|BOJIDAR GEROGIEV BAKALOV,
O. LANE McCOTTER
O. LANE McCOTTER,
The magistrate judge determined that Mr. Bakalov's action sounded under 42 U.S.C. § 1983, and concluded that Mr. Bakalov could not proceed in forma pauperis because he had filed at least three prior civil actions that had been dismissed as frivolous or failing to state a claim. See 28 U.S.C. § 1915(g); see also Mapp v. Dovala, Nos. 97-8050, 97-8072, 97-8106, 1998 WL 116179, at *1 (10th Cir. Mar. 17, 1998). The magistrate judge recognized that an inmate could file a § 1983 action in forma pauperis if the inmate "is under imminent danger of serious physical injury," 28 U.S.C. § 1915(g), but necessarily concluded that such was not the case. Thus, the magistrate judge recommended that the petition be dismissed and that if Mr. Bakalov still wanted to bring a § 1983 action he would be required to pay the full filing fee. The district court agreed and Mr. Bakalov appealed. The district court denied him a certificate of probable cause. See 28 U.S.C. § 2253.

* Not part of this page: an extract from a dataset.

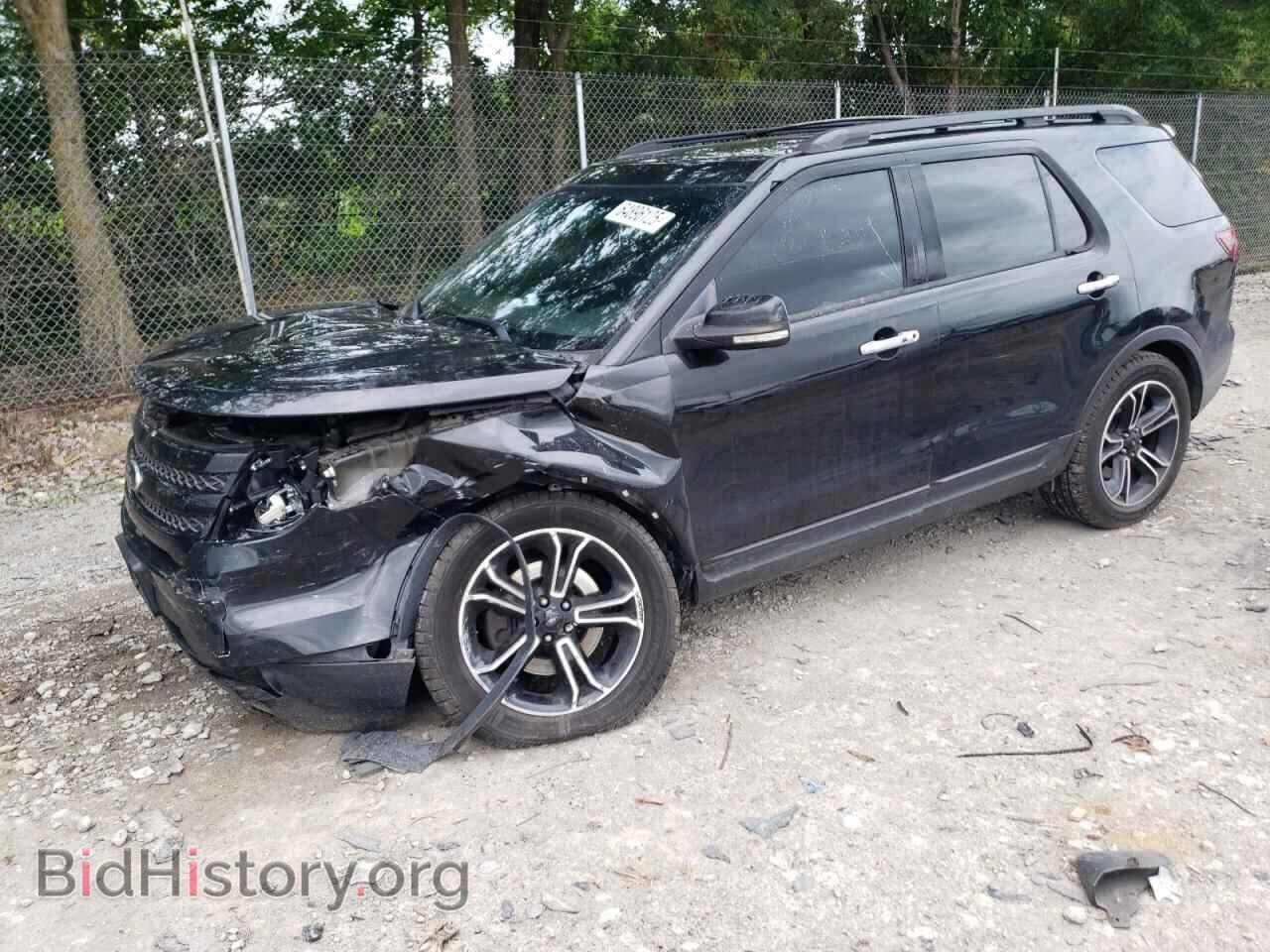 Фотография 1FM5K8GT3EGB00523 - FORD EXPLORER 2014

The district court correctly classified this action as arising under § 1983 because it is simply not a collateral attack on the fact or duration of Mr. Bakalov's confinement. See Wolff v. McDonnell, 418 U.S. 539, 554-55 (1974); Preiser v. Rodriguez, 411 U.S. 475, 499-500 (1973). Section 1983 is of little assistance to Mr. Bakalov, however, because his sanction does not appear to implicate due process, see Sandin v. Connor, 515 U.S. 472, 485 (1995), and his primary claim is barred under Edwards v. Balisok, 117 S. Ct. 1584, 1589 (1997), because it implies the invalidity of the disciplinary hearing officer's finding and sanction. With regard to the remaining conditions-of-confinement claims, the district court did not abuse its discretion in evaluating the petition and concluding that Mr. Bakalov was not under imminent danger of serious physical injury. See Denton v. Hernandez, 504 U.S. 25, 33 (1992). Thus, the district court did not err in dismissing the petition and requiring Mr. Bakalov to pay the $120.00 filing fee in advance if he wished to proceed under § 1983.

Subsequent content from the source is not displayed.